Check to see if the strings are the same: False
Using the MD5 algorithm, we see that this is a Collision and that the algorithm fails : True


## SHA hash functions 

Secure Hash Algorithm (SHA) is a family of cryptographic hash functions. These one way algorithms takes input of any sizes, mixes it up and creates fixed sized outputs. It is virtually impossible to transform them back into the original data. SHA (SHA1 / SHA224 / SHA256 / SHA384 / SHA512) can create hash from 128 bytes to 512 bytes. Among them, SHA-256 and SHA-512 are considered secure versions from the family. A google partnered [reported](https://security.googleblog.com/2017/02/announcing-first-sha1-collision.html) the first ever hash collision of the SHA-1 hash algorithm. According the this report, two different strings can generate same hash, which violates the collision resistance.  


**Now creating a SHA-256 hash for the word hello**

In [4]:
sha_hash_hex = hashlib.sha256(b"hello").hexdigest()
print(
    f'The SHA-256 hexadecimal hash value for "hello" is'
    f": {sha_hash_hex}\nThe length of the hash is"
    f": {len(sha_hash_hex)} characters"
)

The SHA-256 hexadecimal hash value for "hello" is: 2cf24dba5fb0a30e26e83b2ac5b9e29e1b161e5c1fa7425e73043362938b9824
The length of the hash is: 64 characters


Now, even though SHA-256 hash abides to every condition of being a secure hash function. We just cannot generate original value from the SHA hash. However, hackers have their way of retriving original value from the given hash. One of the way is known as dictionary attack. 

### Dictionary attack

A dictionary attack is a type of brute force attack where an attacker tries to access an account by iterating through a dictionary of common phrases and words. The size of the dictionaries can vary from hundreds of thousands of password variations to billions. A dictionary containing over 1 billion unique words takes up only 15 gigabytes.
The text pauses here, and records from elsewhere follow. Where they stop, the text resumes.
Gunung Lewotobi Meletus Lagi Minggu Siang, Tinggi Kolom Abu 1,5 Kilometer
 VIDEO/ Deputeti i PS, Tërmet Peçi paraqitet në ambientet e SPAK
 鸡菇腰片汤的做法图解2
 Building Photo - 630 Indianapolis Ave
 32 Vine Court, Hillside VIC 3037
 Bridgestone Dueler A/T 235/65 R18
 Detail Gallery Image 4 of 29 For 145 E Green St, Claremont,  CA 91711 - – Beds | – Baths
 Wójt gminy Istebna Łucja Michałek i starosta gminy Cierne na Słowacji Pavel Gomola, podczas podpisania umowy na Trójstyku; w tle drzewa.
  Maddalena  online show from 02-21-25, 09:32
An example of dictionary attack is shown below, where the hacker make use of the dictionary of common words with their hash value, to get to the original value. 

In [5]:
# dictionary that we will use to try to break a password
data_dict_attack = {
    "123456": hashlib.sha256(b"123456").hexdigest(),
    "password": hashlib.sha256(b"password").hexdigest(),
    "myname": hashlib.sha256(b"myname").hexdigest(),
    "testpass": hashlib.sha256(b"testpass").hexdigest(),
    "password25": hashlib.sha256(b"password25").hexdigest(),
    "asdf": hashlib.sha256(b"asdf").hexdigest(),
    "123456789": hashlib.sha256(b"123456789").hexdigest(),
    "iloveyou": hashlib.sha256(b"iloveyou").hexdigest(),
    "sunshine": hashlib.sha256(b"sunshine").hexdigest(),
    "basketball": hashlib.sha256(b"basketball").hexdigest(),
}

Now, if a hacker has got hold of the `hash value` and if the original word is in the list of hackers dictionary. Then, hacker can retrieve the info by doing the brute force over all the words in the dictionary. 

In [6]:
hash_value = "a941a4c4fd0c01cddef61b8be963bf4c1e2b0811c037ce3f1835fddf6ef6c223"

for org_word, hash in data_dict_attack.items():
    if hash == hash_value:
        print(org_word)
    else:
        print("No word found")

No word found
No word found
No word found
No word found
No word found
No word found
No word found
No word found
sunshine
No word found


In the above example, since `sunshine`, being a common word is present in the hacker dictionary. They were able to identify the original word for the given hash value. This happens if any password is saved as a hash value in a system. If the hacker got hold of the hash value, then there is a chance of knowing the password if it is in the dictionary of hacker.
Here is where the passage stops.